Çeşitli önizlemelerde belirgin bir his var: oyun muhteşem görünüyor, ancak her zaman oynaması harika değil. Bu başlangıçta benim için gerçek bir anlaşma bozucuydu, ancak oturup bu noktayı düşündüğümde, sadece sert oynanışın bu oyunu bir kenara itip itmediğini sorguladığımı fark ettim.
Ben gizli bir Star Wars hayranıyım, anlıyor musunuz? Banyomda sevimli Grogu havlularım var ama beni asla yerel kart mağazama uğrayıp Star Wars Unlimited oynarken göremezsiniz. Benim için Star Wars’un heyecan verici yanı sınırsızlığı ve çeşitliliği; uzay cadıları, Sith’ler ve tadını çıkarabileceğiniz büyük ve küçük sayısız sevimli yaratık var.
Outlaws da tam olarak aynı şeyi yapmayı umuyor ve gördüğüm daha geniş önizlemelerden anladığım kadarıyla bu hedefe ulaşıyor. Güzel görünüyor ve en önemlisi, otantik bir Star Wars hissi veriyor. Uzay savaşları akıcı ve eğlenceli, gördüğüm en muhteşem yıldızlararası ortamlardan bazılarıyla çerçevelenmiş (üzgünüm, Starfield) ve oyun içi atışlar geliştirici Massive Entertainment’ın The Division kimlik bilgilerini yansıtmayı amaçlıyor. Star Wars’un özü yabancı ama tanıdık dünyaları keşfetmekse, Outlaws bunu mükemmel bir şekilde başarmış gibi görünüyor.

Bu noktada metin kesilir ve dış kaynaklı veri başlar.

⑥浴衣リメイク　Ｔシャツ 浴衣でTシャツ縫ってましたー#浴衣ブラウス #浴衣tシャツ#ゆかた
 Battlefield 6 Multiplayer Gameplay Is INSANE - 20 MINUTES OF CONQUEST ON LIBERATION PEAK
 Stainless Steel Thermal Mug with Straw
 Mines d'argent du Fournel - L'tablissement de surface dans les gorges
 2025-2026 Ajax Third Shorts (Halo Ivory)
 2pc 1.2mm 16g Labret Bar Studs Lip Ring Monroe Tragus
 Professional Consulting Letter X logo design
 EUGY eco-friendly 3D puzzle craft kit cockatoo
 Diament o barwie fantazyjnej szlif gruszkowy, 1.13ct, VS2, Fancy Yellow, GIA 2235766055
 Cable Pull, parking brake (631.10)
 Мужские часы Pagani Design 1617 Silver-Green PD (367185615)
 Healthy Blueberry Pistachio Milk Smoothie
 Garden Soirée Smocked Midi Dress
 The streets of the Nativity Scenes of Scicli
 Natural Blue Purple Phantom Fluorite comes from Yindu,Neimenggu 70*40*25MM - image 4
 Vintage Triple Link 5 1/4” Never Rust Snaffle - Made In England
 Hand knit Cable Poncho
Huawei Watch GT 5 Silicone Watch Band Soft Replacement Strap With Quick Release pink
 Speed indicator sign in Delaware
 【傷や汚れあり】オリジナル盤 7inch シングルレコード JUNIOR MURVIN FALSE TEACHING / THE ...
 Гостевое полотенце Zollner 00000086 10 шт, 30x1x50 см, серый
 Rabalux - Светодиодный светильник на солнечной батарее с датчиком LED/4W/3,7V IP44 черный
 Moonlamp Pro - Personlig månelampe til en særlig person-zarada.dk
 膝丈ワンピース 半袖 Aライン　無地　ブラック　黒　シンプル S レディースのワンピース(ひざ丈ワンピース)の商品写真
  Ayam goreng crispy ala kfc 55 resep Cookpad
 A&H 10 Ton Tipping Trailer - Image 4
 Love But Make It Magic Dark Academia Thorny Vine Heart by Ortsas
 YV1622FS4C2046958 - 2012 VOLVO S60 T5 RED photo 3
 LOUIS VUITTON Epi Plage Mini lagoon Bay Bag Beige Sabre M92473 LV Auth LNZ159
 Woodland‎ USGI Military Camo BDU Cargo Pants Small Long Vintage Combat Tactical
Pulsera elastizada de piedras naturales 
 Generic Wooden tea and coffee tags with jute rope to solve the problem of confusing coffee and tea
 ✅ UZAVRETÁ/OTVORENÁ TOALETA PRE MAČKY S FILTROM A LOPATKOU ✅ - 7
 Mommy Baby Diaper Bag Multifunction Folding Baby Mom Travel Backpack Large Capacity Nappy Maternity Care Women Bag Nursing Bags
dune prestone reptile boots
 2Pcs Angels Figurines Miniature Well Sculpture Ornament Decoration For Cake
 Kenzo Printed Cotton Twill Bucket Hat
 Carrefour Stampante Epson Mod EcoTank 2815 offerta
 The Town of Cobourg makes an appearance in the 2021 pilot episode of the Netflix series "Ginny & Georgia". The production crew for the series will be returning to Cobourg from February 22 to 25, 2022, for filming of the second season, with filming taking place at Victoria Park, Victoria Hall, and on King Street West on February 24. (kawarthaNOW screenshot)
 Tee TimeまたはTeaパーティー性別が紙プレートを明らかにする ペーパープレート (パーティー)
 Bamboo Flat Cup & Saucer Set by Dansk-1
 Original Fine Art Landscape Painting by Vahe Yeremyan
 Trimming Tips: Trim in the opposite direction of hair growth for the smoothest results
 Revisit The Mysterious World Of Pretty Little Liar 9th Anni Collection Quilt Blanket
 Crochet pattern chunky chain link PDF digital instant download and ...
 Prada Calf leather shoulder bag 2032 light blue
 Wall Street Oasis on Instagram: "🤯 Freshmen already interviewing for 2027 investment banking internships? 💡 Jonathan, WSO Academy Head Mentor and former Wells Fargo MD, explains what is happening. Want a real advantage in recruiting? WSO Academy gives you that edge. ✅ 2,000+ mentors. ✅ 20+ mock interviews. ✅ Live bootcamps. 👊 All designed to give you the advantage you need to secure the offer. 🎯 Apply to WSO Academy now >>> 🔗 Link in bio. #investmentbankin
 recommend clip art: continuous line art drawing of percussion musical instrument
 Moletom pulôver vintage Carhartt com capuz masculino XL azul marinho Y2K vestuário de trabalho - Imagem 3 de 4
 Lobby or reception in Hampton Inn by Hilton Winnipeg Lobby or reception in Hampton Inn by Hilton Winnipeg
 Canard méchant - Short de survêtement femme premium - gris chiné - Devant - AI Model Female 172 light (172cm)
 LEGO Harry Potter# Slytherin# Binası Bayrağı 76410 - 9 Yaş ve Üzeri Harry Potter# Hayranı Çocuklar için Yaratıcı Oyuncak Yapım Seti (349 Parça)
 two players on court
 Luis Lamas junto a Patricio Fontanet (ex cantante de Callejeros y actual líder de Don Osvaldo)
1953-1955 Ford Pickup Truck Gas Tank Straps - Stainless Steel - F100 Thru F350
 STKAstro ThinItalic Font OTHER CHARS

Peki bu hayret ve büyü duygusu biraz zorlu geçişi mazur gösteriyor mu? Hayır. Garip yüz animasyonlarını ve ara sahnenin ortasında düşen silahları telafi ediyor mu? Hayır. NPC’lerin etrafta hiçbir şey yapmadan durduğu viral IGN klibini hesaba katıyor mu? Hayır. Bunlar lansmandan önce gerçekten çözülmesi gereken sorunlar. Oynadıklarımdan, oynanış fena değil ve belki de bu yeterlidir.
Ancak Outlaws yılın oyunu olmayacak; Elden Ring’in ihtişamından veya Baldur’s Gate 3’ün karmaşık hikaye anlatımından yoksun. Mümkün olan en geniş kitleye yönelik olarak yapılmış, yazlık patlamış mısır tarzı tek oyunculu bir oyun. Outlaws’ın aklında türünün sınırlarını mükemmelleştirmek veya zorlamak yok.
Beklentiler bugünlerde yüksek, BG3 gibi devler tarafından daha da yükseltiliyor ve bu iyi bir şey olsa da, Outlaws farklı bir canavar ve yapmak istediğini yapıyor: Star Wars hayranlarının keşif fantezilerini yaşayabilecekleri oynanabilir bir galaktik sanal alan yaratmak. Filmler ve karakterlerin kendileri gibi kenarları biraz sert ve -benim için- sorun değil. Star Wars’u cilalamak özüne aykırı geliyor, bu yüzden performans düşmediği veya tekerlekler düşmediği sürece kendimi Star Wars Outlaws ile iyi vakit geçirirken görebiliyorum.